How your shop fitting sculpts the shopper’s perception.

It’s no secret, shop owners know it, suppliers know it, the architects know it and EVEN the shoppers know it. The presentation of a shop moulds the customer experience in every sense. The fixtures and fittings in a retail space lead the shopper to conclusions very quickly, leading to a potential interest or disinterest. Hence why the environment you create is so crucial.

Therefore, what is paramount here is understanding how the individual interacts with their surroundings in a typical retail environment. Architects study and revise continuously over complex plans to map how the foot fall will be directed around the furnishings. Shop fitters aim to make and fit features to such a specific detail, as it needs to fit with the overall shop ambience. All down to the fact that, shoppers are irrational creatures. The nature of desire is not one that weighs up the terms and conditions but looks to impressions, sentiments and senses. Therefore this is why we must consider all points of input for these messages.

The first and arguably most important sense is sight. Companies such as Apple spend millions on their stores. When an iPhone retails at £499 but costs only £112.89 to make and ship, the rest is on the presentation. Now the most successful retailer in the world with 400 stores, Apple spends $6000 per square foot on average on their shop and their fittings. That’s double luxury high-end jewellers Tiffany & Company. However, their Fifth Avenue store in New York generate them $35,000pa, a successful ROI by anyone’s standards. Sight is one of Apple’s main tools. They look for clean futuristic metallic laminate walls; the subtle white light features instantly changes the atmosphere once entering the store.

Apple Trafford CentreThe simplicity of this fit out is their key. There are no counters simply table to act as areas for presentation and informal customer-staff interaction. The visual layout is key, the shopper must navigate through the large spaces with multiple points of interest. There is no definitive flow, and the look that there is more and more to see as you go further into the store. Keeping the shopper in the store for longer. Apple perfectly and precisely frame their products as best as possible and this makes a huge contribution to the store’s success.

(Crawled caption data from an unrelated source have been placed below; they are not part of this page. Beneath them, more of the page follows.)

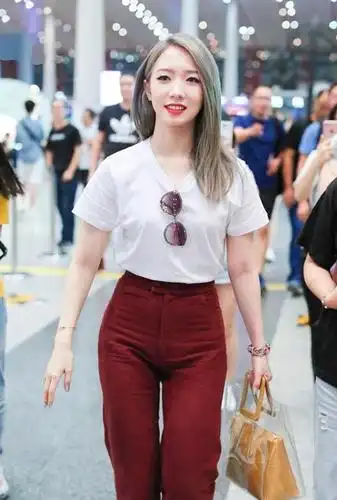 孟美岐裤子紧成"倒三角", 腹部勒出8层,转身时世界都静止了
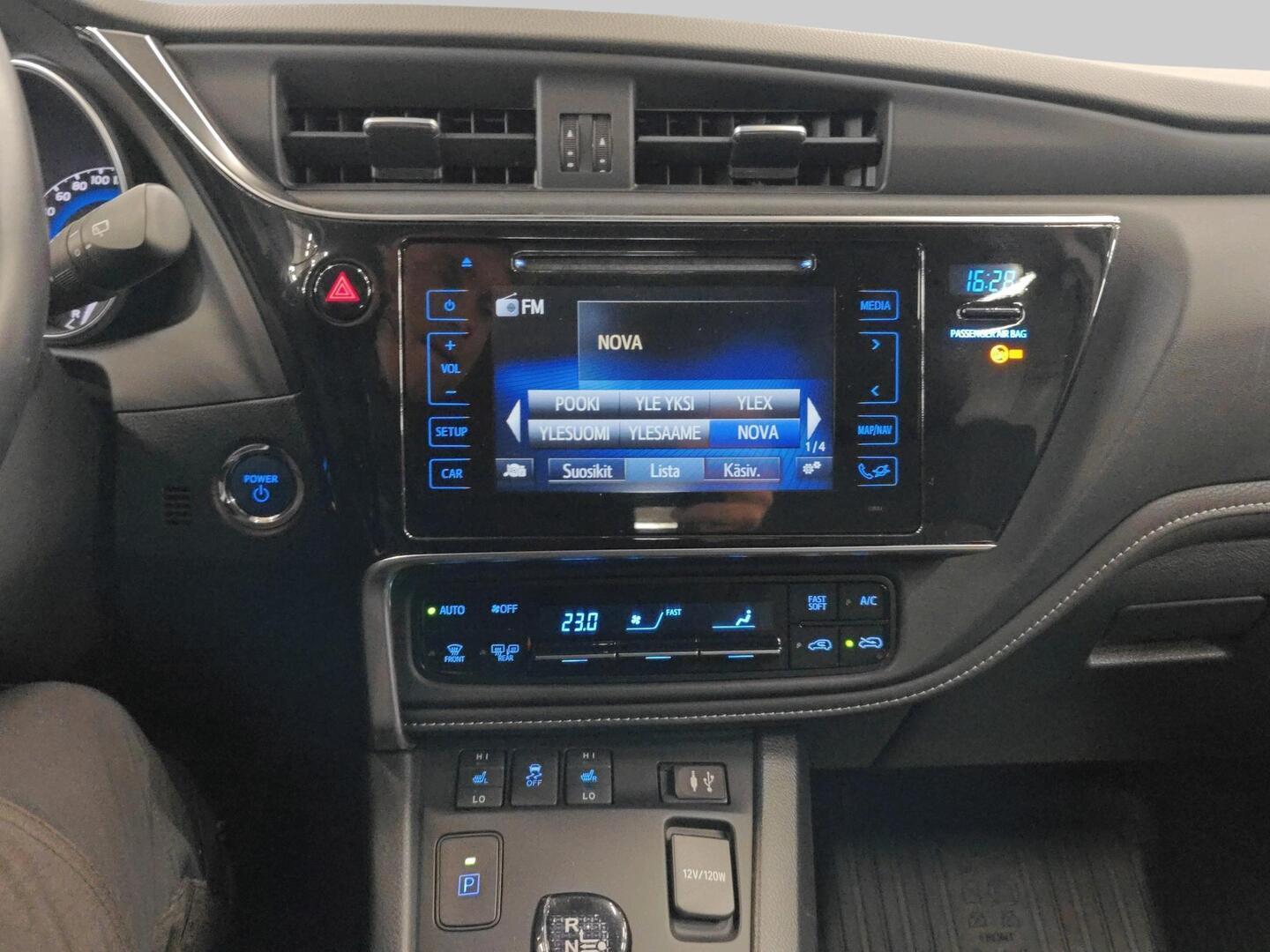 TOYOTA Auris 2019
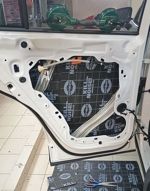 Шумоизоляция VW Tiguan 2025 (Фото #7)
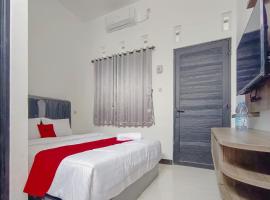 RedDoorz Syariah near RSUD Kajen Pekalongan，位于Karanganyar的酒店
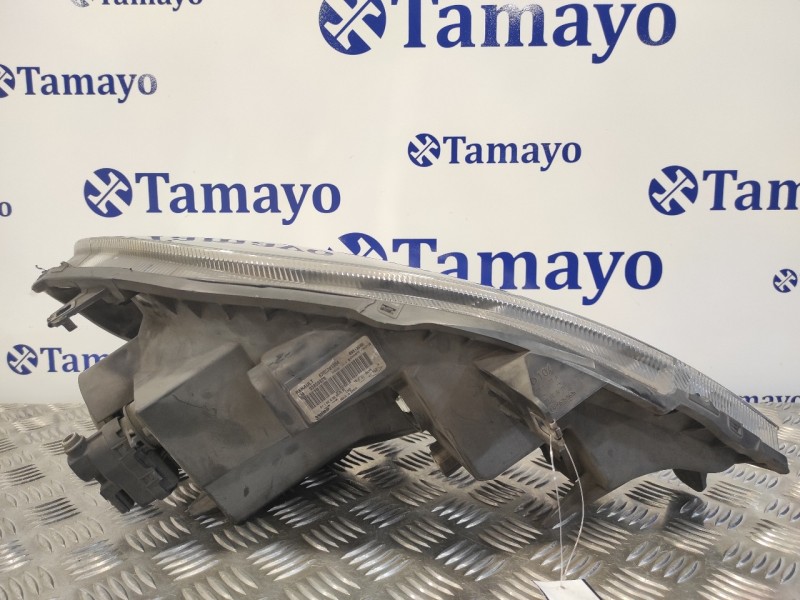 Recambio de faro izquierdo para nissan primastar (x..) 2.0 dci diesel referencia OEM IAM 8200701354 89313970 93859829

Sound is another influential factor shaping the impact on your customer. For example, sound is an essential in fashion retail, where the products themselves all allude and contribute to an overall emotive position put forward by the brand image. Fashion brands sell a concept, a state of mind associated with their products. This is found in all industries but it is typically more prominent in fashion. We buy in to the products hoping to associate ourselves with or even attain this mental state displayed by the brand. Here is a shop fitter is able to work with architects to understand where the dynamics of sounds in the store work best. Where a sound system would be most effective, and incorporating that into the overall look of the store. The European Journal of Scientific Research studies music’s power over shoppers. There research suggests that shoppers move quicker through shops when volume is louder, but slower and quieter music makes them stay longer. Genre’s attract different demographics, for example slow tempo pop music makes purchasers more likely to spend on impulse purchases. Therefore, a professionally installed speaker system is a smart choice for your store.

Other sensory effects, include smell’s incredible association and memory ability. Odours have a substantial tie to memory and this is something to consider your shop fitting. Touch. Shoppers ability to hold products increasing likelihood of sales, with the “nothing to hide hypothesis”. All these aspects should be consider when a retail shop fit-out is undertaken.

Increasingly with the threat of online retailers, the high street has to compete. The price transparency, the selection and ease of access of internet shopping will not be beaten by the traditional shop. However industry leaders, such as Seth Godin a marketing guru and globally known strategist, suggested a new path for retail. The retail theatre and the experience of the store is how retailers will regain ground. Consumers increasingly look to brands to identify themselves with and the store is the best platform where this can be presented. Businesses throw money at new products, packaging and marketing. So why fall at the crucial point of sale? The last hurdle that essentially closes the sales and can drive your stores forward.